━━━ Exercise data ━━━
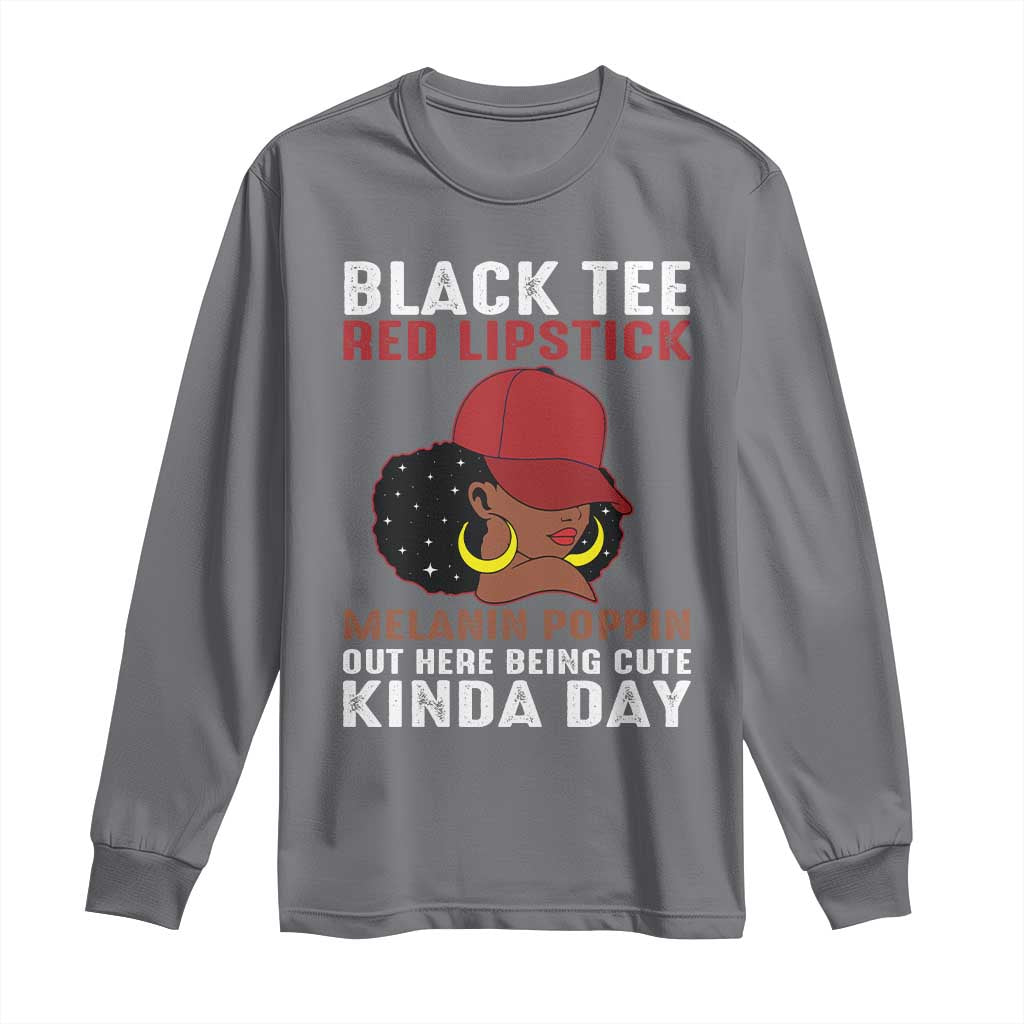 Funny African American Afro Queen Long Sleeve Shirt Black Tee Red Lipstick Melanin Poppin Out Here Being Cute TS10 Charcoal Print Your Wear
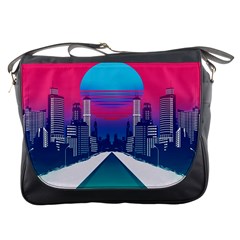 Retro Cityscape Artist Artwork Digital Art Messenger Bag by uniart180623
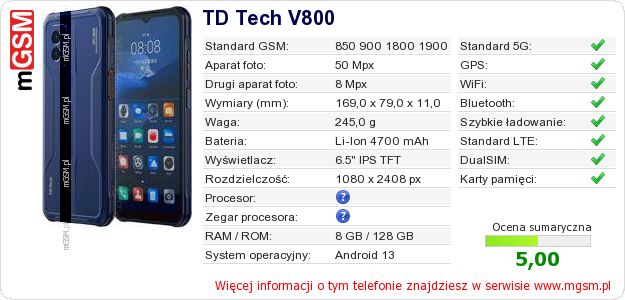 Dane telefonu TD Tech V800 Dane telefonu TD Tech V800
━━━
> **Problem details**
Before copying the data, remove the pictures. Then repeat the rest exactly.

> **Answer to the exercise**
 Funny African American Afro Queen Long Sleeve Shirt Black Tee Red Lipstick Melanin Poppin Out Here Being Cute TS10 Charcoal Print Your Wear
 Retro Cityscape Artist Artwork Digital Art Messenger Bag by uniart180623
 Dane telefonu TD Tech V800 Dane telefonu TD Tech V800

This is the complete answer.